# The problem:
Going through the data below, please show each line containing the string "creating".

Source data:
######

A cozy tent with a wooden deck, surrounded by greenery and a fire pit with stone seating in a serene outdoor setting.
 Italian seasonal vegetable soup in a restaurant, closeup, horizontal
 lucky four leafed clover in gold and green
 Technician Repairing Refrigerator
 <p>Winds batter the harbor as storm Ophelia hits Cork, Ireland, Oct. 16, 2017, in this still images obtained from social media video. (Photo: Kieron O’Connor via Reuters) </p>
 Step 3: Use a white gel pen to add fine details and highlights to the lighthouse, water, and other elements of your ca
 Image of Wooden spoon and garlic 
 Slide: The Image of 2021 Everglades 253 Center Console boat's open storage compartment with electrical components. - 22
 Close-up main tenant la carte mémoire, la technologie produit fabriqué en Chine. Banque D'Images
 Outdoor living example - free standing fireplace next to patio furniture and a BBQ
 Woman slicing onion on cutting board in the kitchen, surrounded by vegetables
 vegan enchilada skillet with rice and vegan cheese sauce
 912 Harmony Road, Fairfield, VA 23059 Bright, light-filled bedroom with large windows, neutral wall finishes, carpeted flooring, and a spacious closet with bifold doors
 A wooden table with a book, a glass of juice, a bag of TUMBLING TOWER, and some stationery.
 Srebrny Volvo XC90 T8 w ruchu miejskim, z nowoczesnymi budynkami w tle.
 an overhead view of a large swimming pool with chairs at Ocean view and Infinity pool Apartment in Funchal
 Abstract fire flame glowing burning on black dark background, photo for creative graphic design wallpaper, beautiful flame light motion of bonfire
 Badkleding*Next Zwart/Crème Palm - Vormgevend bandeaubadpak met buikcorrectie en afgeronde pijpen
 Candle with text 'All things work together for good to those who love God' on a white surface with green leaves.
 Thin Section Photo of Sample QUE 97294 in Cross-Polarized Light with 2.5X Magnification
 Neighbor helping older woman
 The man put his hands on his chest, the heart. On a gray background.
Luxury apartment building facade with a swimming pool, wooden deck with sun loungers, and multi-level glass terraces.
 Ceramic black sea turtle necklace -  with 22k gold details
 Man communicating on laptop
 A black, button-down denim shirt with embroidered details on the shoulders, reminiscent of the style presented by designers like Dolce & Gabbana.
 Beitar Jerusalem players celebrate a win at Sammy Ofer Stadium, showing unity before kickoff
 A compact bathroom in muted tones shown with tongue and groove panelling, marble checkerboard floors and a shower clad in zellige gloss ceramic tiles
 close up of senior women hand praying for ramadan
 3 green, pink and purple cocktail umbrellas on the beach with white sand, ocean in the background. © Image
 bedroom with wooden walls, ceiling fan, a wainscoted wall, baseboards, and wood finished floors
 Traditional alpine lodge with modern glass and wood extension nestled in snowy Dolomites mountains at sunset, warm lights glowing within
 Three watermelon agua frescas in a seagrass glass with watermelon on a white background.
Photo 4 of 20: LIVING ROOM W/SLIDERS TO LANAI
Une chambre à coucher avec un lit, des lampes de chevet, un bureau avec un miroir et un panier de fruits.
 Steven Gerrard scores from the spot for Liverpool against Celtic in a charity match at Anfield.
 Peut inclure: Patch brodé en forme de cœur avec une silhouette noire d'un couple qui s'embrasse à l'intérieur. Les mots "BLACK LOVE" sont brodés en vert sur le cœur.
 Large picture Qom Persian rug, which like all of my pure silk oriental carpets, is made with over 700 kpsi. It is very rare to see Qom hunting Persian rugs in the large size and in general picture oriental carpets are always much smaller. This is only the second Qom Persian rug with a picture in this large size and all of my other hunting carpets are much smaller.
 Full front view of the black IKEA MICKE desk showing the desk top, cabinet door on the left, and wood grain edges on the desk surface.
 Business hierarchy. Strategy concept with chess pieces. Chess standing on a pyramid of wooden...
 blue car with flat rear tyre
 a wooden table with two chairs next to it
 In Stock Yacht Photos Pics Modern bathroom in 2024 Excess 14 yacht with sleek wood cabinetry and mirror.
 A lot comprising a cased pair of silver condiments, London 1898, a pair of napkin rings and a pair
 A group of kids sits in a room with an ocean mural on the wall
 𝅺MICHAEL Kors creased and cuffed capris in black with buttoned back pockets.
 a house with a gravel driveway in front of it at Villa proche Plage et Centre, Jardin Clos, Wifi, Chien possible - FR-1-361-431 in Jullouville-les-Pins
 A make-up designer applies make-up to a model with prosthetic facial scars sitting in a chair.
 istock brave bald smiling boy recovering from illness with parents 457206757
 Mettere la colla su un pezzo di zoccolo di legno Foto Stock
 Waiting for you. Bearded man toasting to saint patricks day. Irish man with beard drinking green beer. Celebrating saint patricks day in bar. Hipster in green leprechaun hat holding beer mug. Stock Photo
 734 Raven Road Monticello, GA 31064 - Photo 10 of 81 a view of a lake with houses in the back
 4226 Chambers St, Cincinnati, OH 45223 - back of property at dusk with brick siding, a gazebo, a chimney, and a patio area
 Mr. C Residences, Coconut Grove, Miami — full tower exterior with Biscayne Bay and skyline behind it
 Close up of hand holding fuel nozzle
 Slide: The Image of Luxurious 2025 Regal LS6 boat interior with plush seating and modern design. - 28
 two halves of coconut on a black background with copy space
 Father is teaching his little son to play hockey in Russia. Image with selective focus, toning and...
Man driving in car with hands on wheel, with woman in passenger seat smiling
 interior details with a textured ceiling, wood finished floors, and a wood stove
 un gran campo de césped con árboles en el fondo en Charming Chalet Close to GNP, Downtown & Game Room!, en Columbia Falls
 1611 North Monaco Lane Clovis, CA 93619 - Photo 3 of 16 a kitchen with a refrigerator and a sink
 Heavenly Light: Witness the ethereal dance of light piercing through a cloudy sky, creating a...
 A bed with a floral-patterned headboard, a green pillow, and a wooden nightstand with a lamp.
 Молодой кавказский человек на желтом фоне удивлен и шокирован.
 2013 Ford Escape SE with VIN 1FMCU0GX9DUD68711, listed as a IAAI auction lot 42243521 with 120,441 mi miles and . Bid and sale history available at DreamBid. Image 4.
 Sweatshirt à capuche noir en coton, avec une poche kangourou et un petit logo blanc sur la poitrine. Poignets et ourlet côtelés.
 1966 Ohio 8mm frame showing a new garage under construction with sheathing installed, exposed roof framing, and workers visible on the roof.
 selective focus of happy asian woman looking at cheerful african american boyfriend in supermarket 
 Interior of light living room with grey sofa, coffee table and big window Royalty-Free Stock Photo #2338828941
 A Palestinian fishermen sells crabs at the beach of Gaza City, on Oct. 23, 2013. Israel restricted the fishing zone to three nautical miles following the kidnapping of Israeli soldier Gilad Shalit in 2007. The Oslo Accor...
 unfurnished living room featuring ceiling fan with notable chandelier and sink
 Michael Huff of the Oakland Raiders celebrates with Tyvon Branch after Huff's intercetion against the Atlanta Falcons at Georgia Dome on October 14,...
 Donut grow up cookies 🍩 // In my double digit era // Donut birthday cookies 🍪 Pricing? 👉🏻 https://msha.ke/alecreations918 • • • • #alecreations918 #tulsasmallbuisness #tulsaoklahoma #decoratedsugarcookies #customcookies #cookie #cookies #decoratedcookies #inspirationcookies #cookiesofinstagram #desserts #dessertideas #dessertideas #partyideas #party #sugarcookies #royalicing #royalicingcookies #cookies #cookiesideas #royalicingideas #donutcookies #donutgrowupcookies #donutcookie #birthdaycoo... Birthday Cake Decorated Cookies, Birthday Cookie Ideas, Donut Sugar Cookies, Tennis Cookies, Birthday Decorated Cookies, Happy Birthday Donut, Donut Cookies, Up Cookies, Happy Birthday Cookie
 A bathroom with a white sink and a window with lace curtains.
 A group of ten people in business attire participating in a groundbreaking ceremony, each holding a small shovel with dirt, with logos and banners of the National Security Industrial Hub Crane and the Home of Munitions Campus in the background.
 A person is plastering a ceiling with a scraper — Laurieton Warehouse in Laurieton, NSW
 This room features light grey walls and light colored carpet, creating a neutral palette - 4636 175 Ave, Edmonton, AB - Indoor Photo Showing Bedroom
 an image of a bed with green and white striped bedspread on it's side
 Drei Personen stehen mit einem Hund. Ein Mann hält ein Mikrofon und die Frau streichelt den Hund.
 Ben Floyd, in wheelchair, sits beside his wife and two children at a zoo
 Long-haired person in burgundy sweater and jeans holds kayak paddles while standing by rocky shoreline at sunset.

######

# Exercise solution:
 Heavenly Light: Witness the ethereal dance of light piercing through a cloudy sky, creating a...
 This room features light grey walls and light colored carpet, creating a neutral palette - 4636 175 Ave, Edmonton, AB - Indoor Photo Showing Bedroom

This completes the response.